While it lacks epic action, with incredible city-wide stakes, Ant-Man brings the drama to a much smaller and relatable scale. Further, it’s quite shocking (refreshing even) how down to earth the film is. Moreover, Ant-Man is bright, cheery, and all kinds of fun. Then again, how could it not as Rudd represents everything good in a hero while, conversely, Corey Stoll is the unsavory antithesis – a perfect caricature of scum and villainy. As it’s his calling card, Rudd has that wacky next door neighbor quality; he’s got the kind of delivery you’d expect to see in a sitcom. When he’s not striving to be the hero, he’s consistently bringing the laughs and hamming it up wherever possible.

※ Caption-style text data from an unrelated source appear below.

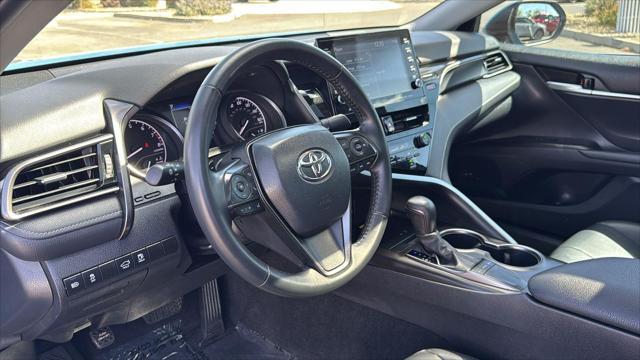 used 2024 Toyota Camry car, priced at $29,355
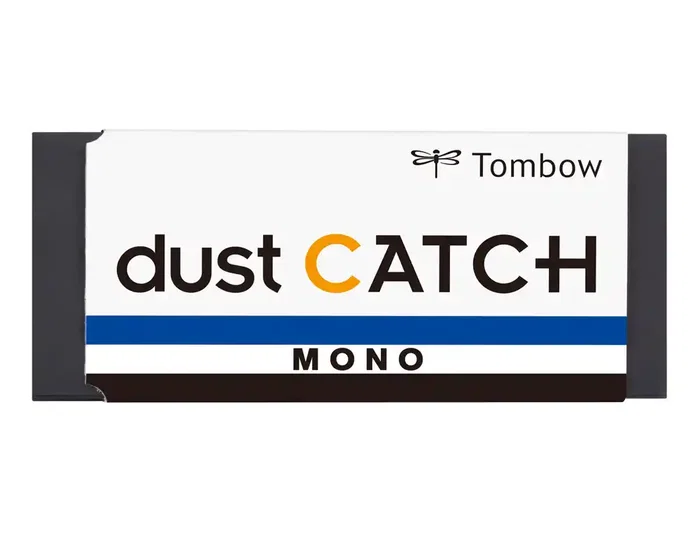 Tombow Goma de Borrar Mono Dust Catch Polimera PVC Negro Atrapa Residuos 19g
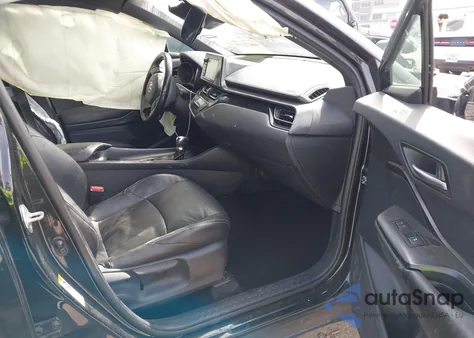 2018 Toyota C-Hr Xle Premium z USA, uszkodzony, nr VIN NMTKHMBX0JR018403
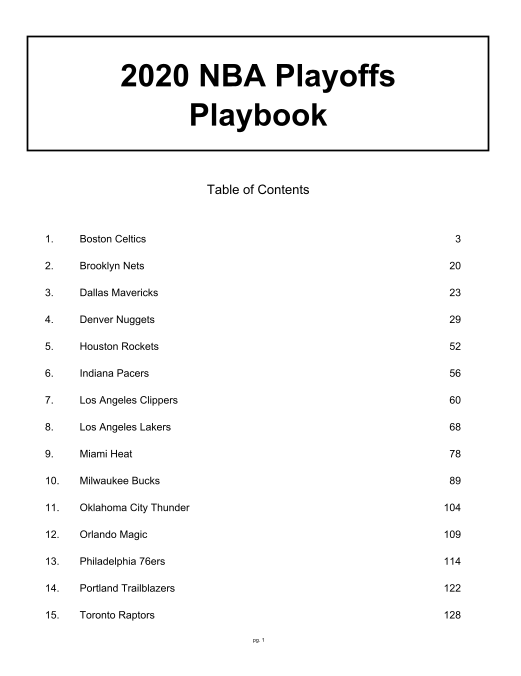 HalfCourtHoops's tweet photo. 2020 NBA Playoffs Playbook now available!

https://t.co/8yfSqz3wxC

-900+ sets from every team
-PDF Playbook of every team
-Video Playbook of every team
-Over 20 Hours of film https://t.co/wjT8EMj2LI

There’s also no shortage of opportunities to make pint-sized jokes, and for the whole production to be genuinely goofy and outlandish. But the story is, more or less, strong. It hits all the right beats for an origin story, and when it hits a lull, along comes Rudd and a sage-like Michael Douglas, his opinionated daughter Evangeline Lilly, and Lang’s trio of hilariously idiotic yet charming never-do-wells (Michael Peña, David Dastmalchian and T.I.) to remind you this is a comic-book movie.
Ant-Man is a solid “every-man” superhero tale that proves that you don’t need otherworldly gods, or scientists with armor and/or anger issues to be entertained. You just need someone concerned about the well-being of the common man, and more importantly, his family. That’s why it’s very easy to fall in love with Paul Rudd as he becomes the hero his daughter already thinks he is.

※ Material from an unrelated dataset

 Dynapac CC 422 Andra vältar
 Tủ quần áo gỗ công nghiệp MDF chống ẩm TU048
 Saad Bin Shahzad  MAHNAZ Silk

Ant-Man comes home via a stunning and beautiful transfer, with audio that matches the colorful visuals. Although the special features are on the lite side, they deliver the goods. Of particular note is one supplement which shows Scott Lang’s overarching ties to the MCU via a series of news reports. It’s neat to see Lang (Rudd) before the events in the film as well as plenty of tiny nods to other Avengers characters and story lines. It’s that attention to detail that shows why Marvel’s world-building continues to impress. But as far as their littlest hero, Ant-Man is an all around blast; it’s funny, action-packed, and fANT-freaking-tastic.